***** INPUT RECORDS
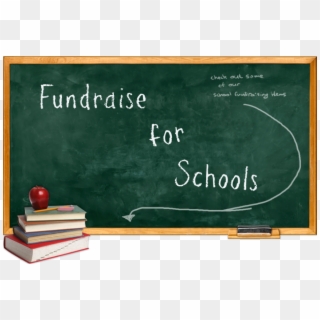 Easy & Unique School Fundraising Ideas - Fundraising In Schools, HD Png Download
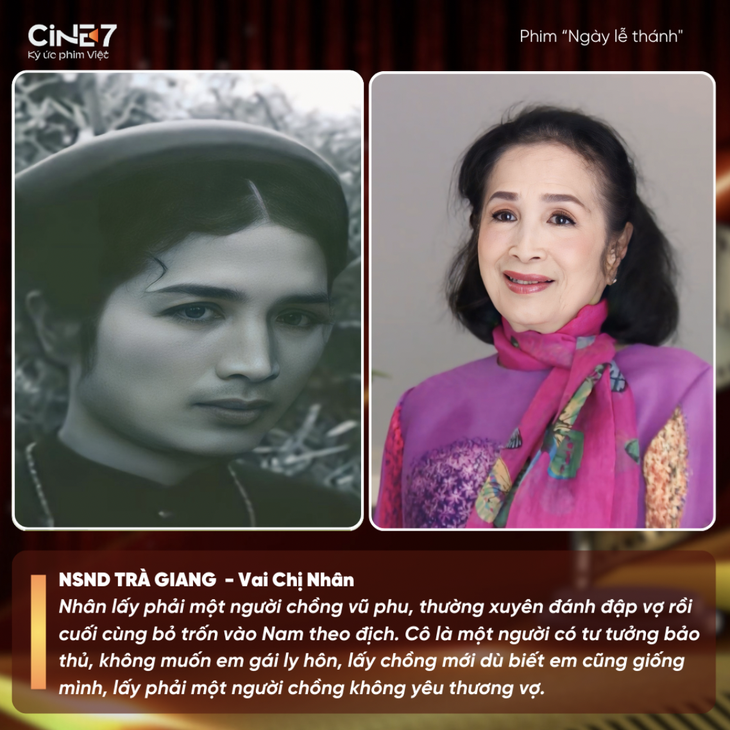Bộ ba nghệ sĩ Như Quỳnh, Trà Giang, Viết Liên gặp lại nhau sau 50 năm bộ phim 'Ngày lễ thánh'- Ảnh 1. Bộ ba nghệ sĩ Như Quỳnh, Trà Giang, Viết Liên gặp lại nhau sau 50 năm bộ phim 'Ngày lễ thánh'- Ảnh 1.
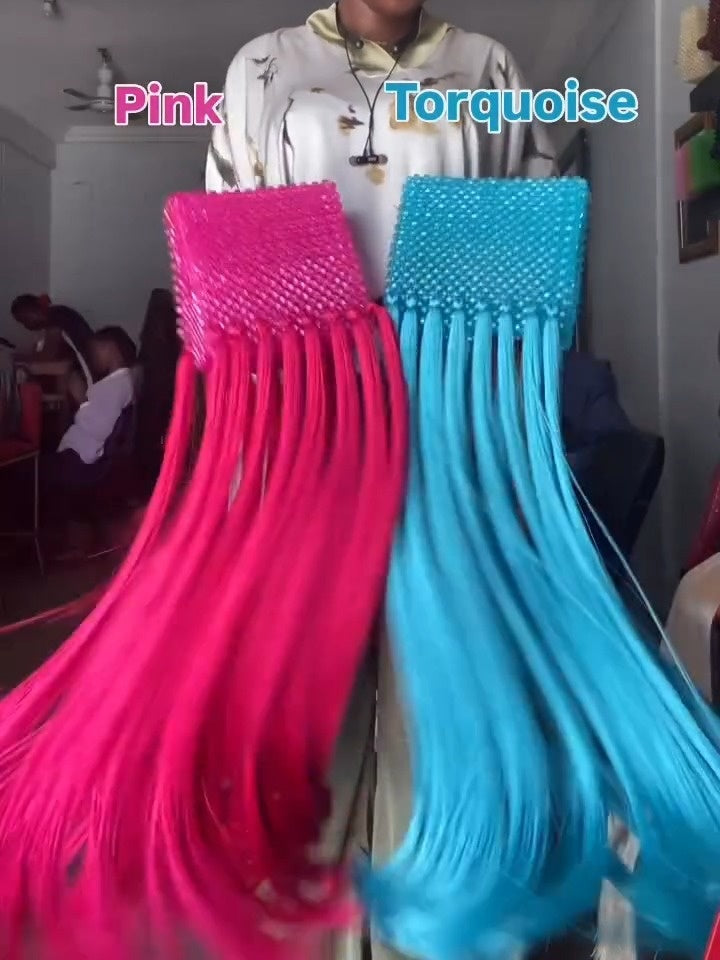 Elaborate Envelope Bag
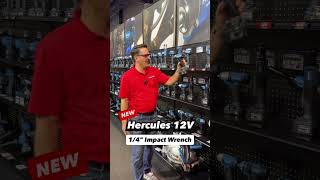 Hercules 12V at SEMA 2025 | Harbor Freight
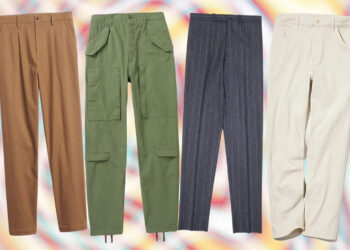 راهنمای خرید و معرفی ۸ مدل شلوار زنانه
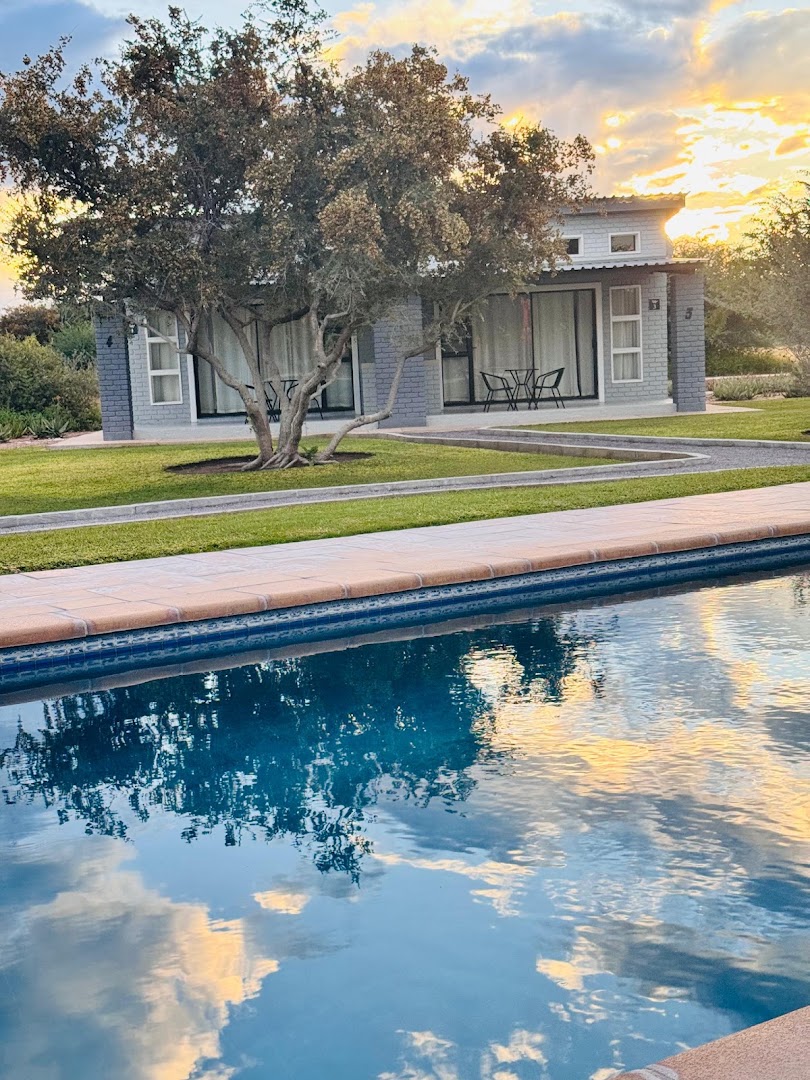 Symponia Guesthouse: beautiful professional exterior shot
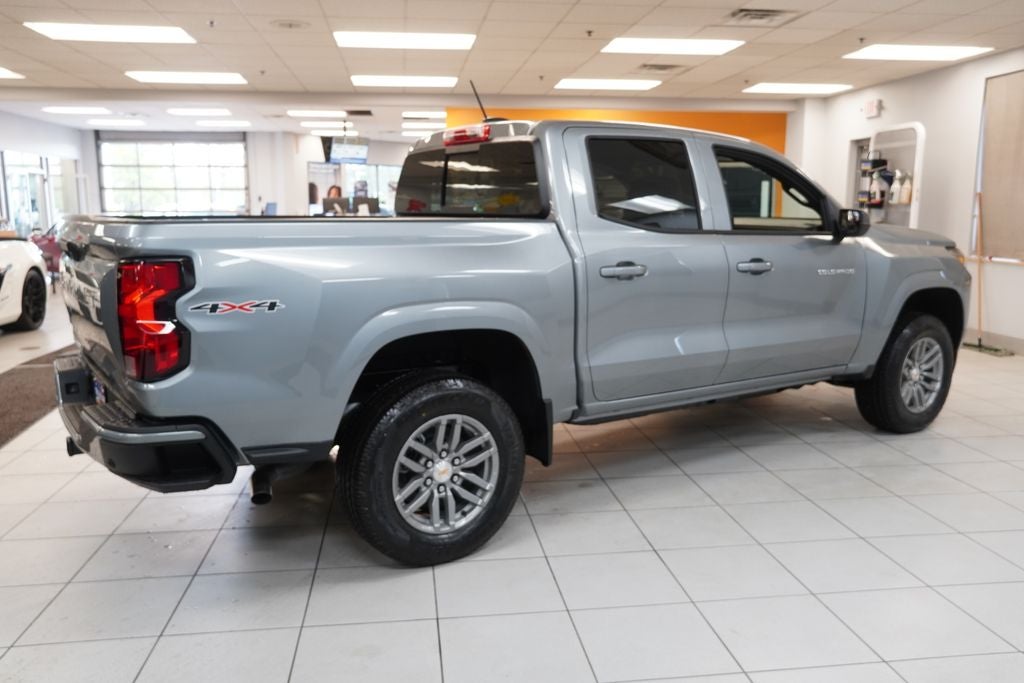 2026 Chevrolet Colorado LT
**********
§ **EXERCISE PROMPT**: Keep the pictures out and write out the records exactly.

§ **RESPONSE TO THIS EXERCISE**:
 Easy & Unique School Fundraising Ideas - Fundraising In Schools, HD Png Download
Bộ ba nghệ sĩ Như Quỳnh, Trà Giang, Viết Liên gặp lại nhau sau 50 năm bộ phim 'Ngày lễ thánh'- Ảnh 1. Bộ ba nghệ sĩ Như Quỳnh, Trà Giang, Viết Liên gặp lại nhau sau 50 năm bộ phim 'Ngày lễ thánh'- Ảnh 1.
 Elaborate Envelope Bag
 Hercules 12V at SEMA 2025 | Harbor Freight
 راهنمای خرید و معرفی ۸ مدل شلوار زنانه
 Symponia Guesthouse: beautiful professional exterior shot
 2026 Chevrolet Colorado LT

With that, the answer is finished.